Leitsatz
Die Versagung der Restschuldbefreiung wegen einer Insolvenzstraftat setzt nicht voraus, dass diese Straftat in einem Zusammenhang mit dem Insolvenzverfahren steht, in dem die Restschuldbefreiung beantragt wird. Verurteilungen des Schuldners sind aber nur innerhalb der für die Eintragung im Bundeszentralregister zu beachtenden fünfjährigen Tilgungsfrist zu berücksichtigen.
Sachverhalt
Auf Antrag eines Schuldners wurde über sein Vermögen ein Verbraucherinsolvenzverfahren durchgeführt. Das Insolvenzgericht versagte beim Abschluss des Verfahrens die vom Betroffenen begehrte Restschuldbefreiung, weil ein Insolvenzgläubiger dies beantragt hatte. Dieser Gläubiger verwies auf eine vorangegangene Verurteilung des Schuldners wegen Verletzung der Buchführungspflicht und machte deswegen einen Versagungsgrund geltend. Eine gegen die amtsgerichtliche Entscheidung gerichtete Beschwerde beim zuständigen Landgericht blieb erfolglos. Auch der anschließend angerufene BGH versagte die Restschuldbefreiung.
Entscheidung
Von Gesetzes wegen ist eine Restschuldbefreiung auf Antrag eines Gläubigers dann zwingend zu versagen, wenn der Schuldner wegen einer Insolvenzstraftat rechtskräftig verurteilt worden ist.
Strittig war bislang, ob diese Verurteilung in einem Zusammenhang mit dem konkreten Insolvenzverfahren stehen muss oder nicht.
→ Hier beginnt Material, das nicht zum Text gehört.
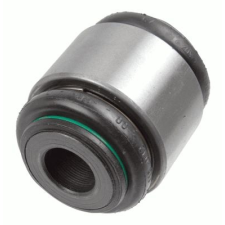 LEMFÖRDER Támasztó-/vezetőcsukló LEMFÖRDER 37518 01 autóalkatrész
Nach Auffassung des Senats ist ein derartiger Zusammenhang nicht erforderlich. Die Richter verweisen zunächst auf die Entstehungsgeschichte der Bestimmung. Nach Auffassung des Gesetzgebers sollte ein Schuldner, der derartige strafbare Handlungen zum eigenen Vorteil und zum Nachteil der Gläubiger vornimmt, von seinen Schulden nicht befreit werden. Nur der "redliche" Betroffene hat Anspruch auf eine solche Begünstigung.
Der BGH verweist darauf, dass die einschlägigen Insolvenzdelikte nicht nur dem Schutz der einzelnen, jeweils betroffenen Gläubiger dienen, sondern auch der Funktionsfähigkeit der Kreditwirtschaft insgesamt. So beruht § 283b StGB auf der Erfahrung, dass die Erfüllung der handelsrechtlichen Buchführungsund Bilanzierungsvorschriften eine Grundvoraussetzung jeder ordnungsmäßigen Wirtschaftsführung ist. Die Verletzung dieser Obliegenheit birgt die Gefahr von Fehlentschließungen mit schweren wirtschaftlichen Auswirkungen in sich. Die Gefährdung der Kreditwirtschaft durch vorsätzliche Verletzung seiner Buchführungspflicht lässt den Schuldner – unabhängig von den übrigen Umständen des Einzelfalls – bereits als unredlich erscheinen, falls es zur Insolvenz kommt.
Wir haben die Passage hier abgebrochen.